Lecture Hop: Archaeological Warfare
Written by Bwog Staff
In which Bwog correspondent Josh Mathew reports on last night’s lecture about a book and all the hubbub it’s caused.
The Underground Lecture Series: What Archaeology Tells Us About Ancient Israel
Alan Segal, PhD, Professor of Religion and Ingeborg Rennert Professor of Jewish Studies, Barnard College
What does Biblical archaeology tell us about the First Temple Period?
Professor Nadia Abu El-Haj is wrong. At least, that’s what I learned pretty quickly from Professor Alan Segal.
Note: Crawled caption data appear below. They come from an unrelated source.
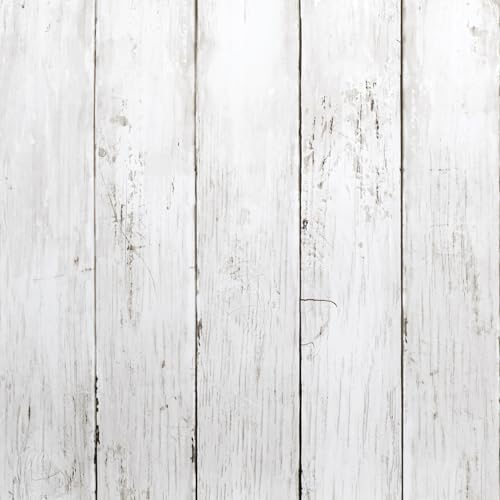 Abyssaly White Wood Shiplap Peel and Stick Wallpaper Farmhouse Wallpaper by Abyssaly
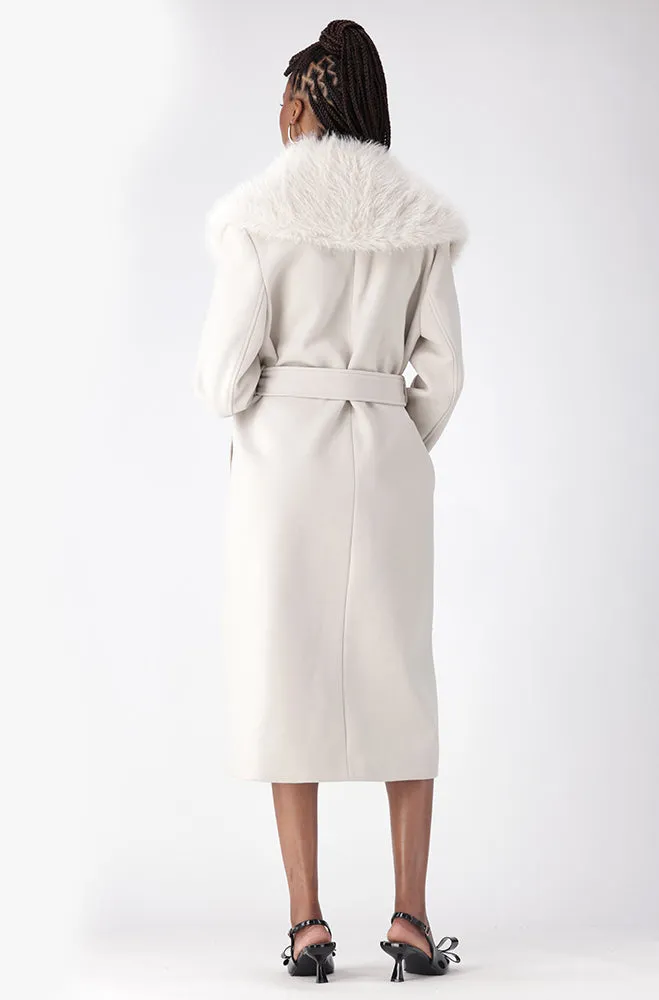 Lisa Melton Coat _ 155794 _ Cream sold by Dunns product image thumbnail 4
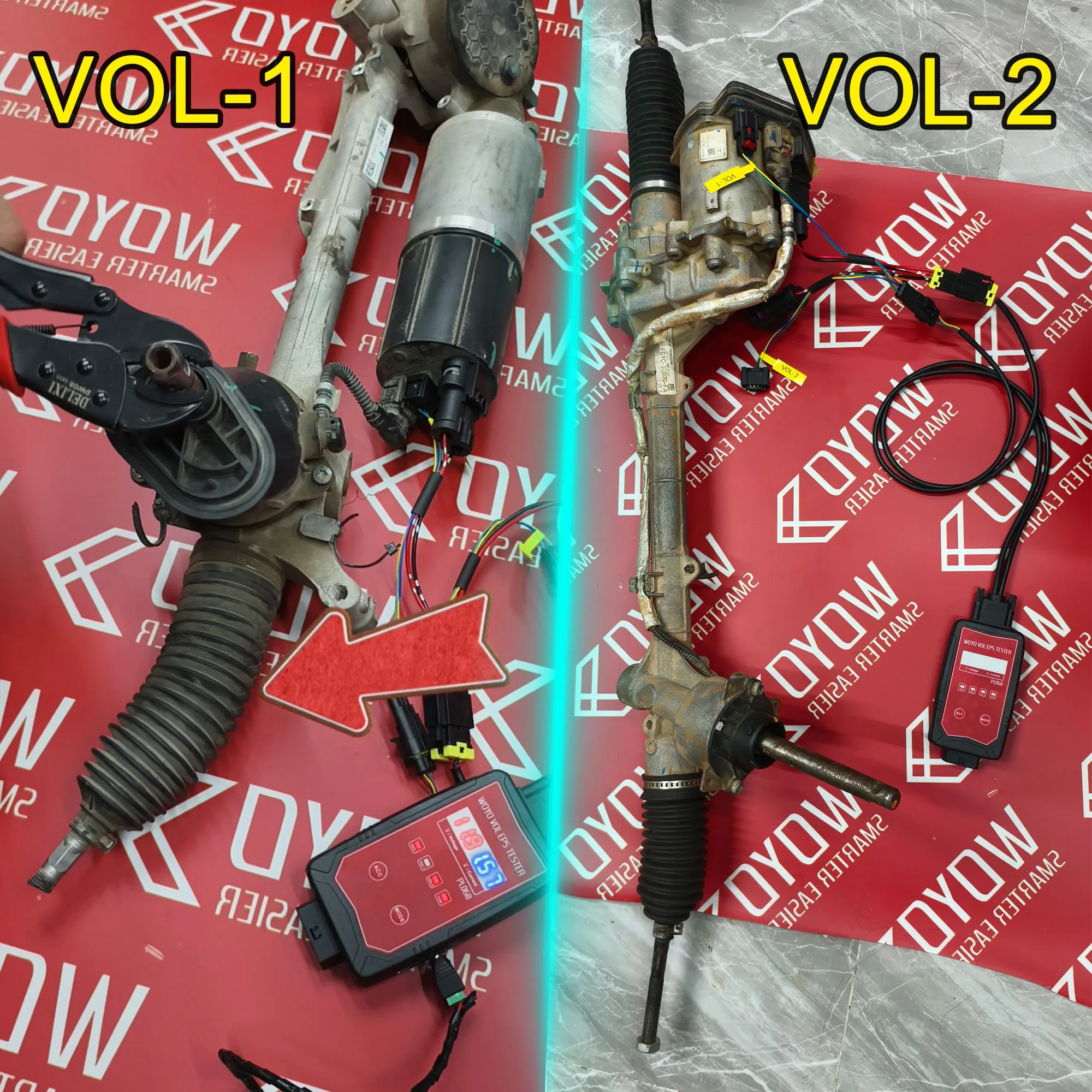 WOYO PL068 EPS Tester for Volvo Electrical Steering Motor Detector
The flyer for the event hadn’t mentured El-Haj, but Segal made it clear that, though not a “harangue or tirade,” his remarks served to question El-Haj’s scholarship.
The event was sponsored by LionPac and the cheerfully-named Scholars for Peace in the Middle East, who, according to their website, are “trying to counterbalance the well-documented and increasing anti-Israel and anti-Semitic forces that have made their way to the college campuses today.” A survey of their position papers reveals a dearth of articles actually about peace or conflict resolution, but the name sounds nice.
Segal’s lecture focused primarily on the debate between Biblical maximalists and minimalists—those who consider the Bible to be a reliable historical source regarding non-miraculous things, vs. those who don’t—and finally moved on to El-Haj’s supposed reliance on the latter in her book Facts on the Ground: Archaeological Practice and Territorial Self-Fashioning in Israeli Society. He accuses her of inaccurately portraying maximalists as Biblical fundamentalists and evangelicals, and minimalists as rational thinkers. In a short history, Segal discussed the historical dominance of the maximalists and the challenges posed by the minimalists, whom he described as an academic minority with little supporting archaeological evidence.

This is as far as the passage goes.